## Material for this task
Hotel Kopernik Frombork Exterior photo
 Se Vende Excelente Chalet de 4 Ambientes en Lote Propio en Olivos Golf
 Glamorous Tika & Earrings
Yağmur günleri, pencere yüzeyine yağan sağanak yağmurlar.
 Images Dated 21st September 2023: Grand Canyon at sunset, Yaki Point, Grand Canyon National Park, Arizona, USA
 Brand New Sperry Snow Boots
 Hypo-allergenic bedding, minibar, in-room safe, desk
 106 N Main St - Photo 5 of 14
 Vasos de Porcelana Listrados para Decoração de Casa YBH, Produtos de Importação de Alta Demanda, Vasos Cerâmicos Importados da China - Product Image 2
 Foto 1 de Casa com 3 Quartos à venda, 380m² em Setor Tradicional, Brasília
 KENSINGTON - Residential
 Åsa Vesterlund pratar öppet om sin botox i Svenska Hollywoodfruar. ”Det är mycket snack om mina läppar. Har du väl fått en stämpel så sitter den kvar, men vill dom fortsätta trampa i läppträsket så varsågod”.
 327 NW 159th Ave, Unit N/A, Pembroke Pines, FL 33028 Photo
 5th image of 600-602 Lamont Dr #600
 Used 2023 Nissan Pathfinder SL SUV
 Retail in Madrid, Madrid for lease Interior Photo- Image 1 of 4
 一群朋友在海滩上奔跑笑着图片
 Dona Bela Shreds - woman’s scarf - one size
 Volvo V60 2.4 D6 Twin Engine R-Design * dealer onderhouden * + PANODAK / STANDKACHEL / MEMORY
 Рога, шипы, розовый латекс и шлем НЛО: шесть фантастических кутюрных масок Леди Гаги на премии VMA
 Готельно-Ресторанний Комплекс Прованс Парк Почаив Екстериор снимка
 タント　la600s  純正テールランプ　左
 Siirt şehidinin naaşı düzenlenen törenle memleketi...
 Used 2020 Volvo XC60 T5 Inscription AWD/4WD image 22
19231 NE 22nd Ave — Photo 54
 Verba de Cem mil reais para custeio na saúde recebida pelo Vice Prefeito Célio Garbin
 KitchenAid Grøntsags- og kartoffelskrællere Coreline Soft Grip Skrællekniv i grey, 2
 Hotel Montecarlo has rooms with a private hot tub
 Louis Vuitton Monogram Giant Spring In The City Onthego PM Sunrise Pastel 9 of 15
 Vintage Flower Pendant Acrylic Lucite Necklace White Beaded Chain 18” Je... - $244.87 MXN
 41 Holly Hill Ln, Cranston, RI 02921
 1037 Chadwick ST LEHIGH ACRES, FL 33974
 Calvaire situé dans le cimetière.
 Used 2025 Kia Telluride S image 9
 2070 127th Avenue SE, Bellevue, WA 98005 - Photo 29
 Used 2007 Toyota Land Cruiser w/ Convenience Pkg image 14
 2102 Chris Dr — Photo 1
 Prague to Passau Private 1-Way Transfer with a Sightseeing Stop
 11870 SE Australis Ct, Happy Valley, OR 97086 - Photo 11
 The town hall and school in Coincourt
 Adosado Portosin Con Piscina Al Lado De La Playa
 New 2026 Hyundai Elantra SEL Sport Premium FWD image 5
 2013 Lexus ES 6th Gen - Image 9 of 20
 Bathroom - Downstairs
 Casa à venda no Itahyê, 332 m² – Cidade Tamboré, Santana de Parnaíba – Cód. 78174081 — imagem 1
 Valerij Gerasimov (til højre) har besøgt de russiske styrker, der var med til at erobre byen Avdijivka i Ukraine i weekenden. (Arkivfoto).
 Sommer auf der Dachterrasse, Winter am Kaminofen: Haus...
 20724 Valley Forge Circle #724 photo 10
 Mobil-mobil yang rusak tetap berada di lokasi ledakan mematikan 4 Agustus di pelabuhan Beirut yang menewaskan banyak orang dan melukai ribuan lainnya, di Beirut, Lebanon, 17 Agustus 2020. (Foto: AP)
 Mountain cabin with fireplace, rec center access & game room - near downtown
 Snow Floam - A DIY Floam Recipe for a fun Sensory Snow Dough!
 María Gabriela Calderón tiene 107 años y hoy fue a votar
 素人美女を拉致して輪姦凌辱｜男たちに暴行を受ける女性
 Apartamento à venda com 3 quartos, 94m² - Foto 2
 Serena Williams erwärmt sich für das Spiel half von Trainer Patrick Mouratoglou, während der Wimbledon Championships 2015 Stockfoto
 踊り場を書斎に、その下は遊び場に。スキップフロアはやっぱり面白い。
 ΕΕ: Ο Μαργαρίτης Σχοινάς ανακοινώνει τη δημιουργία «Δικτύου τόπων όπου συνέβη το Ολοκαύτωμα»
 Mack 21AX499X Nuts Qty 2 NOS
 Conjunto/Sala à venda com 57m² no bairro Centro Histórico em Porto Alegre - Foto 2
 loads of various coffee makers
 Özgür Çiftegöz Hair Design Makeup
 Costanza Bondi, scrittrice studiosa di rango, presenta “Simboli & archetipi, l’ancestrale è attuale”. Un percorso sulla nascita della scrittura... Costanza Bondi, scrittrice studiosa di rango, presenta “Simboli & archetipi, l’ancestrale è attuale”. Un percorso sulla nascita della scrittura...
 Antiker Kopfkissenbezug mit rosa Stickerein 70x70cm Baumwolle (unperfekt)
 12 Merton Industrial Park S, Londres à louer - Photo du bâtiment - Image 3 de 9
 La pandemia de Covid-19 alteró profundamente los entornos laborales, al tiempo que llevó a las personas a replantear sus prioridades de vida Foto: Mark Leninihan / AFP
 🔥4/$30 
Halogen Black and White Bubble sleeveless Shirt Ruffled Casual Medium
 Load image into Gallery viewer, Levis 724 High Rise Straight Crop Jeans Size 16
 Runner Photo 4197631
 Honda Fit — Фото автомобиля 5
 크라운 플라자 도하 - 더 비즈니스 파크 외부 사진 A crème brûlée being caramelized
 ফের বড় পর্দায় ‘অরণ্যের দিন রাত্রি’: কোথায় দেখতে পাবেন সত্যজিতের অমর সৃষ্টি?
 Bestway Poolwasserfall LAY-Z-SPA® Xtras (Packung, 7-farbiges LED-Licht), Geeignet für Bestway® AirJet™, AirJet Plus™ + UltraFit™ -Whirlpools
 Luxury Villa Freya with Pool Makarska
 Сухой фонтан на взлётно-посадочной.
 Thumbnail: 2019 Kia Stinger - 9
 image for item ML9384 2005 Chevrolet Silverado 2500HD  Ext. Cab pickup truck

## Work task
Leave out every line above except those from the line with "Used 2007 Toyota" up to and including the line with "Casa à venda", and copy those exactly.

## Output of the task
 Used 2007 Toyota Land Cruiser w/ Convenience Pkg image 14
 2102 Chris Dr — Photo 1
 Prague to Passau Private 1-Way Transfer with a Sightseeing Stop
 11870 SE Australis Ct, Happy Valley, OR 97086 - Photo 11
 The town hall and school in Coincourt
 Adosado Portosin Con Piscina Al Lado De La Playa
 New 2026 Hyundai Elantra SEL Sport Premium FWD image 5
 2013 Lexus ES 6th Gen - Image 9 of 20
 Bathroom - Downstairs
 Casa à venda no Itahyê, 332 m² – Cidade Tamboré, Santana de Parnaíba – Cód. 78174081 — imagem 1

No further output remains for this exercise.